Old Heartis the story of Tom Johnson, an eighty-five-year old man who has outlived his wife, dog and one child, and whose other kids want him to go into a retirement home. Instead, he runs away to Holland to look for the only woman he really ever loved...sixty years earlier.

How does Chicago influence your writing or writing life?

Chicago is my found place (I grew up in West Virginia) and because I found it, it has special meaning to me. I possess it in a way I possess no other place. It is the place where my life has happened from triumphs to tragedies. All of it. I do not think of it as Sandburg's or Bellows's or Dybek's. It's mine. It conforms to the geography of my heart, soul and mind. It is where I belong even when and maybe especially when I feel a stranger there.

Give a general overview of your work. What are your main concerns, ideas?

When I was a kid, my best friend and I had a train set that filled a whole room. He was the train guy. He worked with the tracks and engines and switching yard. I was more interested in the town that the train ran through and around, the houses and stores and buildings and the people who went in and out of them. I liked to make up stories about them and that's what I am still doing.

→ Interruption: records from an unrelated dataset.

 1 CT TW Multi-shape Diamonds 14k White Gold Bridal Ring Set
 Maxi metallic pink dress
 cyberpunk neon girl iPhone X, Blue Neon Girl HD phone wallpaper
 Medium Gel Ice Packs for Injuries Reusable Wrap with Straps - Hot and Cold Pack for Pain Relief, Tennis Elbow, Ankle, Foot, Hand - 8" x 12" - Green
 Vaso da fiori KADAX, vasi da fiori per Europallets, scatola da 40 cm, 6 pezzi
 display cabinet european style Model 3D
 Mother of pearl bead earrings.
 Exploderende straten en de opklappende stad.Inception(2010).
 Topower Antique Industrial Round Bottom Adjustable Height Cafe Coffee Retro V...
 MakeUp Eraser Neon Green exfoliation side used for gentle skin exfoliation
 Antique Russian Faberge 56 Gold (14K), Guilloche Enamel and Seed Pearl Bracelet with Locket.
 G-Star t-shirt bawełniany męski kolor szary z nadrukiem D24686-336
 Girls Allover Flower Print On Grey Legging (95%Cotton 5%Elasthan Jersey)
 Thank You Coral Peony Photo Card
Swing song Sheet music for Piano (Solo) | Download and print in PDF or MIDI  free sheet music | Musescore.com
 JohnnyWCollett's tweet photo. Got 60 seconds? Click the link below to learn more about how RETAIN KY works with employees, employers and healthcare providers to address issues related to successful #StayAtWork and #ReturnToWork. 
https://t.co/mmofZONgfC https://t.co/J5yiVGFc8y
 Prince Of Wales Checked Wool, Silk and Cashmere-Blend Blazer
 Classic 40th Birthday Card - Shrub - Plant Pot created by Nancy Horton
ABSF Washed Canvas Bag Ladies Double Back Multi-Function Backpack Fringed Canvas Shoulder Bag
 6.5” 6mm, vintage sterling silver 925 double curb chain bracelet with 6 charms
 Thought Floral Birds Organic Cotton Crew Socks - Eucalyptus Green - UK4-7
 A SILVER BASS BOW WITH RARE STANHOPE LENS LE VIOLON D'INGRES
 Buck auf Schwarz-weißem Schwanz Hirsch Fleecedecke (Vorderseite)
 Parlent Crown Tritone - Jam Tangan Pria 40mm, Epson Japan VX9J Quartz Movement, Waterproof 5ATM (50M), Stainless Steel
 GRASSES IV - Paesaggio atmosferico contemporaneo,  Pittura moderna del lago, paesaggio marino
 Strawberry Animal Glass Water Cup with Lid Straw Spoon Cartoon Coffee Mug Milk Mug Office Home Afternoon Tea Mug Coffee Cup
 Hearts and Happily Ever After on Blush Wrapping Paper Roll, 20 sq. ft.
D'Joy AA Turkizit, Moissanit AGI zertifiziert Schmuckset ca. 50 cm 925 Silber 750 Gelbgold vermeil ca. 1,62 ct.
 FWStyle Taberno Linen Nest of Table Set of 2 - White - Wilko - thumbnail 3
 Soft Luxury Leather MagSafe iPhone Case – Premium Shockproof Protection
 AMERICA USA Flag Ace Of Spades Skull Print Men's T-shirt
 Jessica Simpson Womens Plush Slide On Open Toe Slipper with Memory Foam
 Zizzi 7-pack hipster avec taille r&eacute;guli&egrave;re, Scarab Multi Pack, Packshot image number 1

My main concerns are the lives of people, the incredibly complicated business of human relationships. Included are the truths we know somewhere inside us as well as the lies we often tell ourselves. And at the heart of it all is love: how much we need it, how hard it is to get, how easy it is to lose, how afraid we are that we'll never find it or, if we do, that we'll lose it, how essential it is to being human.

Tell us about the events that led to you writing Old Heart. What has been the most interesting?

My whole life led to it. All my relationships with women, with my children, with friends and foes and even pets, and especially with myself.

How does/do your identity/ies feed into your writing?

They are one in the same. I use writing to explore my identity and my identity in developing stories.

Tales from the pit: Do you have any lessons or anecdotes to share about the publishing process or industry that you learned while publishing Old Heart?

What I know is that everyone in the publishing business from writers to agents to editors to publishers are running scared. My observation is that they are no longer looking for reasons to publish a book; they are looking for reasons not to. Everyone is afraid of making a mistake.

How long was the writing process for Old Heart? What kind of research did you have to do? What was the most challenging part?

Seven years. I had lots of fun researching both World War II and Down's syndrome, but the length of time is really the gestation period. That's how long it seems to take for me to give birth to a book. The hardest part is the wait. That is to say, the evolution of the story, the drafts and redrafts and re-redrafts. It is also the most rewarding part in the end because through them you slowly begin to see the finished thing emerging like a form or figure from a block of granite.